* **Supplied material**:
+++++

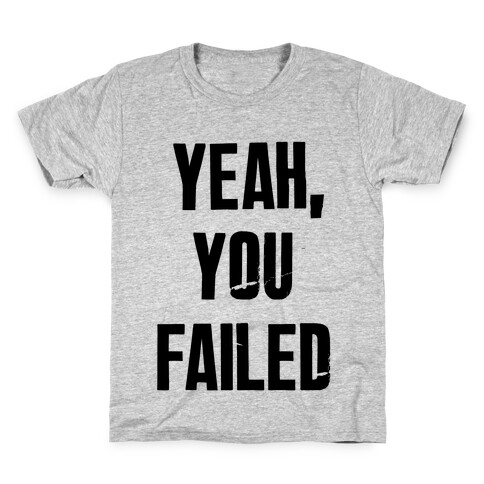 Yeah You Failed Kids T-Shirt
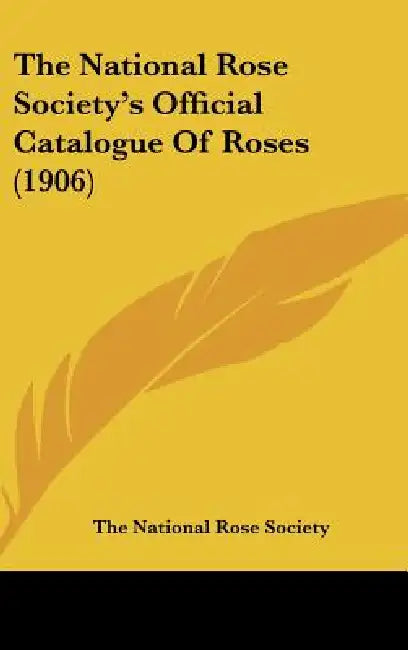The National Rose Society's Official Catalogue Of Roses (1906) by The National Rose Society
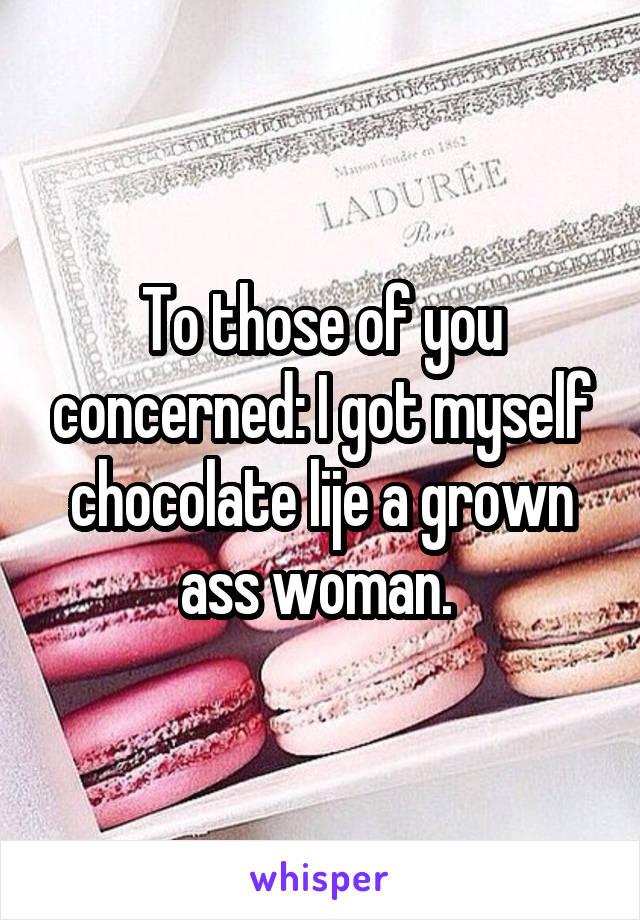 To those of you concerned: I got myself chocolate lije a grown ass woman. 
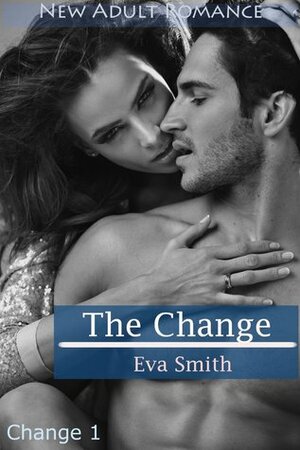 The Change by Eva Smith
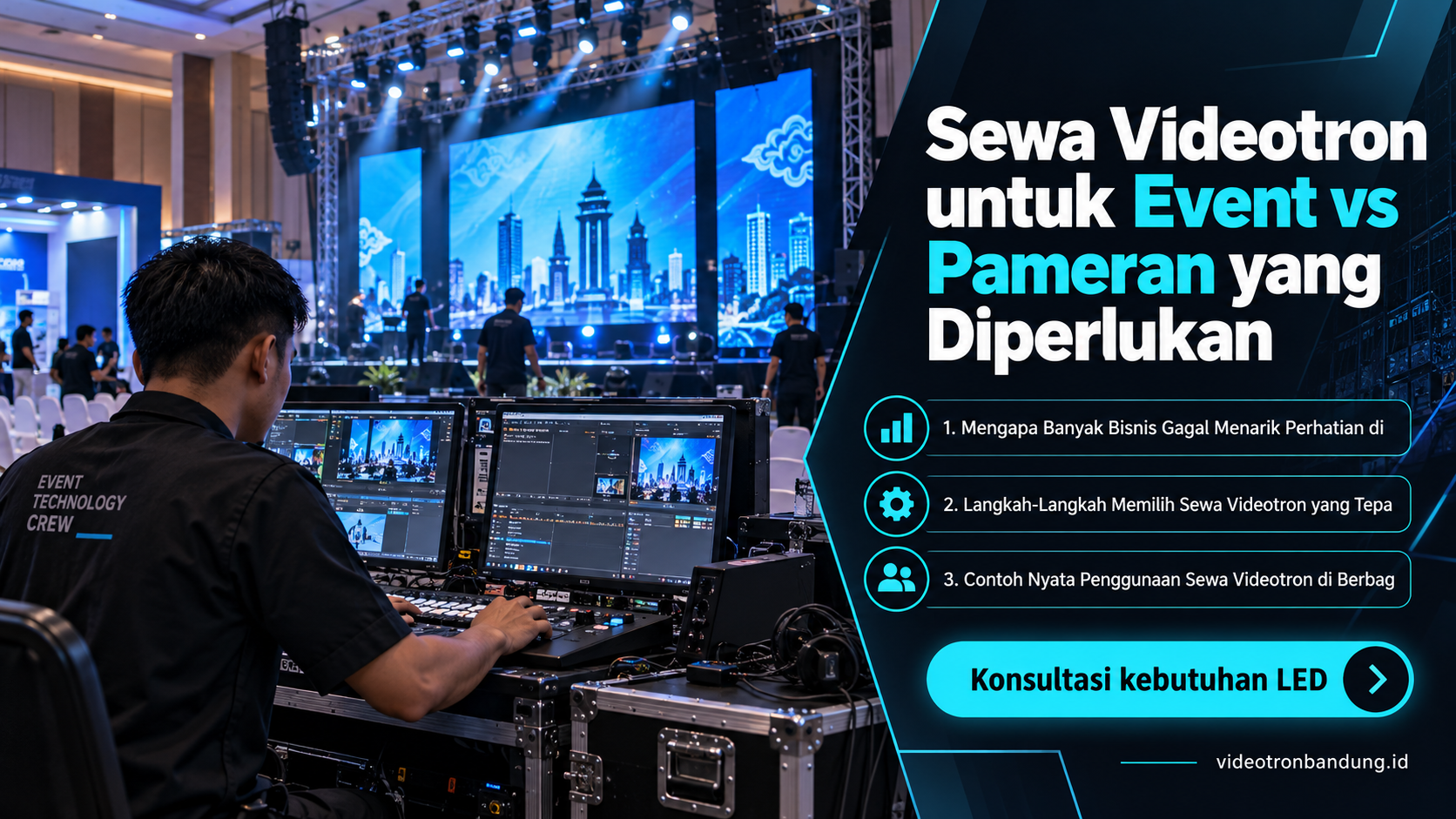 sewa videotron bandung - Sewa Videotron untuk Event vs Pameran yang Diperlukan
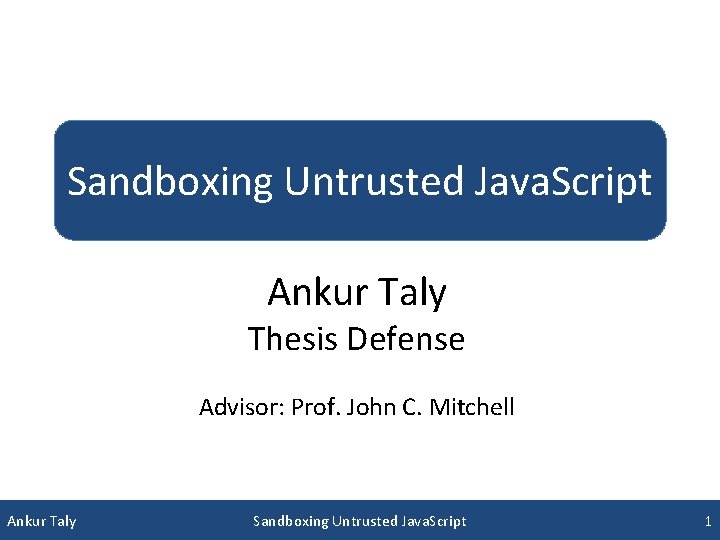 Sandboxing Untrusted Java. Script Ankur Taly Thesis Defense Advisor: Prof. John C. Mitchell Ankur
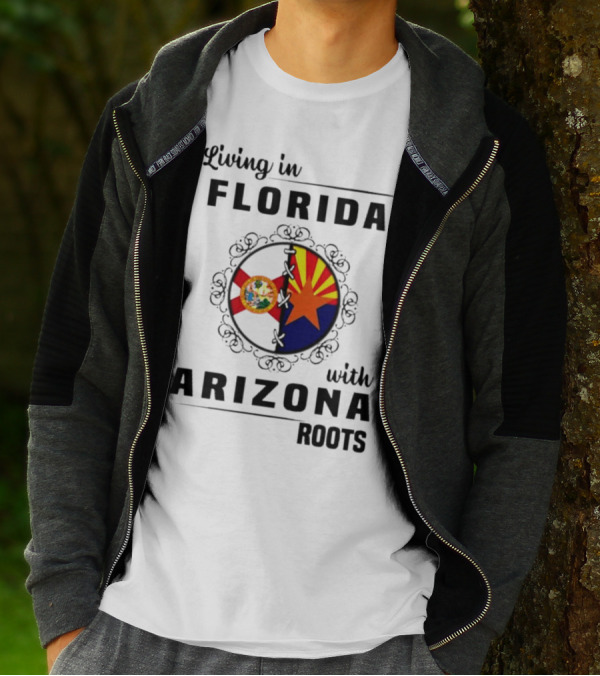 Living In Florida With Arizona Roots State Flags Connection T-Shirt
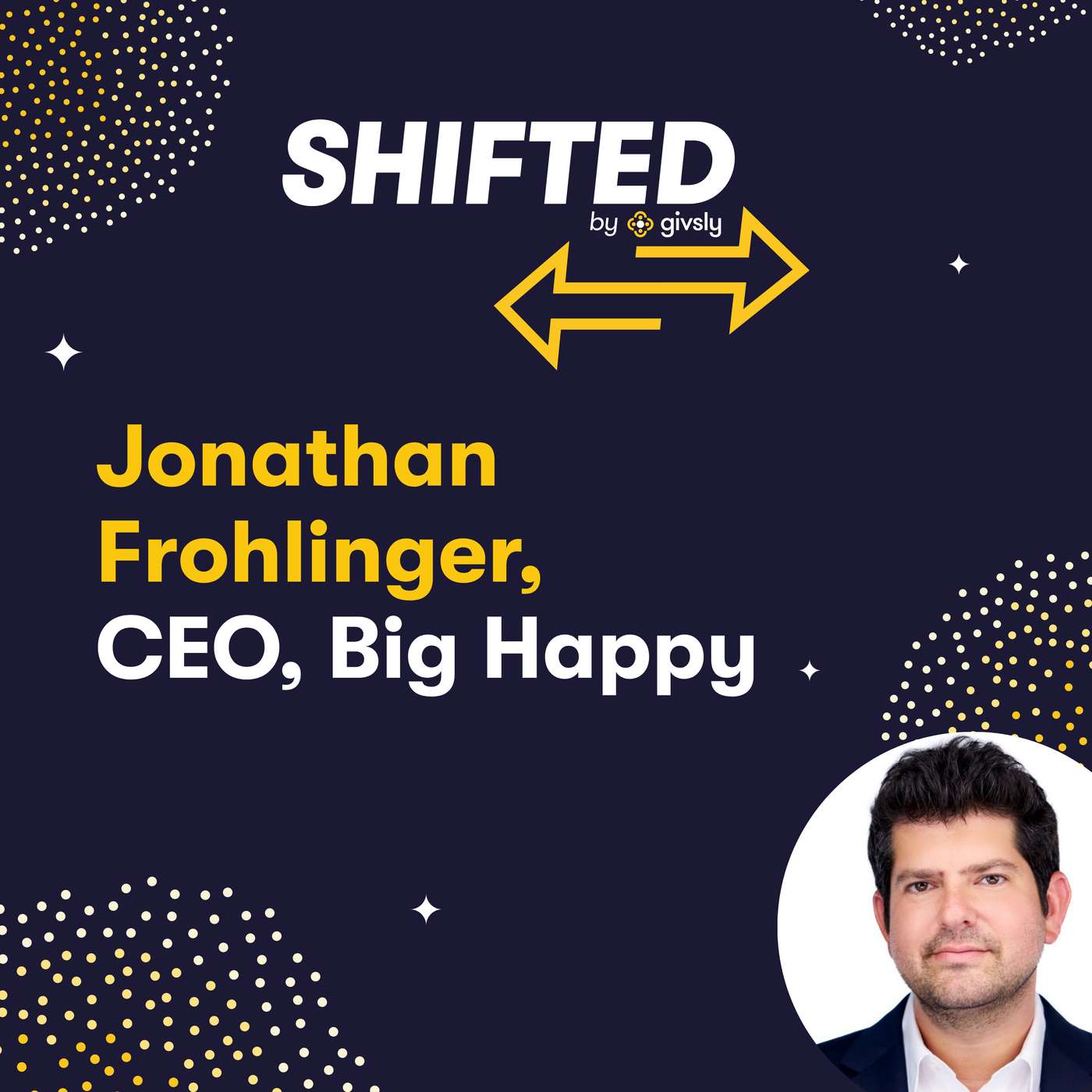 A Conversation with Jonathan Frohlinger, CEO, Big Happy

+++++

* **Task directions**:
Since the pictures are not wanted, give the material again exactly without them.

* **Written solution**:
 Yeah You Failed Kids T-Shirt
The National Rose Society's Official Catalogue Of Roses (1906) by The National Rose Society
 To those of you concerned: I got myself chocolate lije a grown ass woman. 
 The Change by Eva Smith
 sewa videotron bandung - Sewa Videotron untuk Event vs Pameran yang Diperlukan
 Sandboxing Untrusted Java. Script Ankur Taly Thesis Defense Advisor: Prof. John C. Mitchell Ankur
 Living In Florida With Arizona Roots State Flags Connection T-Shirt
 A Conversation with Jonathan Frohlinger, CEO, Big Happy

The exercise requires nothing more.